**TASK REQUIREMENTS**
Each line must appear in the answer exactly as it does in the data.

** GIVEN INFORMATION follows **

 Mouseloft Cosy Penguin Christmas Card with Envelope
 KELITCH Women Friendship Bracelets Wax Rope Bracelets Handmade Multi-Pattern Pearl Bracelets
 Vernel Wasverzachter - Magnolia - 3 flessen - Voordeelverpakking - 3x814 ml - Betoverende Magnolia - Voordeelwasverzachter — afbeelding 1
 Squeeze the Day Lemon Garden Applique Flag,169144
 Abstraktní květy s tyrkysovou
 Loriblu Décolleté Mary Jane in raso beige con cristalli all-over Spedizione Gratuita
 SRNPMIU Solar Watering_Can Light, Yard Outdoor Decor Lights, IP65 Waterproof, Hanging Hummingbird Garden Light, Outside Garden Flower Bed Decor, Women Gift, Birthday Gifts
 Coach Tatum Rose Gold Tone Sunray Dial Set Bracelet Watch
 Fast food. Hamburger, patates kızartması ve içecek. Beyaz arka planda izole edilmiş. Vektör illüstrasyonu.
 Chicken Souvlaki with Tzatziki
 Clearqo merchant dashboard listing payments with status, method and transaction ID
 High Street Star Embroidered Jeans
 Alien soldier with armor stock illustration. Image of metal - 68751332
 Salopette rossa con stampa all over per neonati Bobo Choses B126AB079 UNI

** End of GIVEN INFORMATION **

**EXPECTED ANSWER**
 Mouseloft Cosy Penguin Christmas Card with Envelope
 KELITCH Women Friendship Bracelets Wax Rope Bracelets Handmade Multi-Pattern Pearl Bracelets
 Vernel Wasverzachter - Magnolia - 3 flessen - Voordeelverpakking - 3x814 ml - Betoverende Magnolia - Voordeelwasverzachter — afbeelding 1
 Squeeze the Day Lemon Garden Applique Flag,169144
 Abstraktní květy s tyrkysovou
 Loriblu Décolleté Mary Jane in raso beige con cristalli all-over Spedizione Gratuita
 SRNPMIU Solar Watering_Can Light, Yard Outdoor Decor Lights, IP65 Waterproof, Hanging Hummingbird Garden Light, Outside Garden Flower Bed Decor, Women Gift, Birthday Gifts
 Coach Tatum Rose Gold Tone Sunray Dial Set Bracelet Watch
 Fast food. Hamburger, patates kızartması ve içecek. Beyaz arka planda izole edilmiş. Vektör illüstrasyonu.
 Chicken Souvlaki with Tzatziki
 Clearqo merchant dashboard listing payments with status, method and transaction ID
 High Street Star Embroidered Jeans
 Alien soldier with armor stock illustration. Image of metal - 68751332
 Salopette rossa con stampa all over per neonati Bobo Choses B126AB079 UNI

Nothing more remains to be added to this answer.